Reports that say that something hasn’t happened are always interesting to me, because as we know, there are known knowns; there are things we know we know. We also know there are known unknowns; that is to say we know there are some things we do not know. But there are also unknown unknowns – the ones we don’t know we don’t know. And if one looks throughout the history of our country and other free countries, it is the latter category that tends to be the difficult ones.

 

No doubt they were ridiculed at the time because uttered at an unlovely US Defence Department news briefing in the context of Saddam Hussein’s possession or otherwise of weapons of mass destruction, and because, well, Rumsfeld was Rumsfeld and not Plato.

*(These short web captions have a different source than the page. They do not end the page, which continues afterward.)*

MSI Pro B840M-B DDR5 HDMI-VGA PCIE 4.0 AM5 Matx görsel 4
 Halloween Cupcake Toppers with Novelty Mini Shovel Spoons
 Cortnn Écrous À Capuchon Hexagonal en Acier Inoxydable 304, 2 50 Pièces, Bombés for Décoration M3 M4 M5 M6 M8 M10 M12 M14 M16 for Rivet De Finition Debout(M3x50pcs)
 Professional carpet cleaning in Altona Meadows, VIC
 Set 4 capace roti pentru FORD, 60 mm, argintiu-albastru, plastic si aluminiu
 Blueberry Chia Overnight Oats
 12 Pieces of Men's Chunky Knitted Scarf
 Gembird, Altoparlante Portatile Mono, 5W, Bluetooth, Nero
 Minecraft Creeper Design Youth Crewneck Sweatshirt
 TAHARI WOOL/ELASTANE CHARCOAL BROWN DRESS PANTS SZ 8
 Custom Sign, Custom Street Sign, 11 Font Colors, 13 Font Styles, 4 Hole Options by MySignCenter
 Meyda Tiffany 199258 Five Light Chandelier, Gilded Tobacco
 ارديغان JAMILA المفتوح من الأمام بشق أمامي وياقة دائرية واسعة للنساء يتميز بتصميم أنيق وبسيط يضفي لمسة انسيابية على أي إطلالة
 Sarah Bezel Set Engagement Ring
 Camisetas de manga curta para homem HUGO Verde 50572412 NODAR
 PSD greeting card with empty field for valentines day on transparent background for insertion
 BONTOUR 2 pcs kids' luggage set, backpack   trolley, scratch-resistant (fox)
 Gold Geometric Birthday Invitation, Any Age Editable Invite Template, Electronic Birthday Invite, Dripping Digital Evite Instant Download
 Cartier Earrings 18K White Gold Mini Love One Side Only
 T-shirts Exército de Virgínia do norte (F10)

He of course omitted – I doubt tellingly – the first card in the set, the unknown knowns: the things we don’t know we know, or, less positively, our ingrained assumptions – all the unexamined lumber of our minds. In a poetry context, the positive things we don’t know we know might include, say, a feeling for rhythm, or whatever it is that makes bizarre connections sprout from our minds, a facility we may even prefer to remain unexamined for fear of losing it.

The known knowns are self-explanatory: the things we know we know how to do, for example. And the known unknowns would include the things we know we don’t know how to do, the tricks we are aware of but lack: Philip Larkin wrote once to Vernon Watkins, saying something like (I can’t find the exact quote), “I wish I had your gift. If I had, I probably wouldn’t do with it what you do with it. But I wish I had it.”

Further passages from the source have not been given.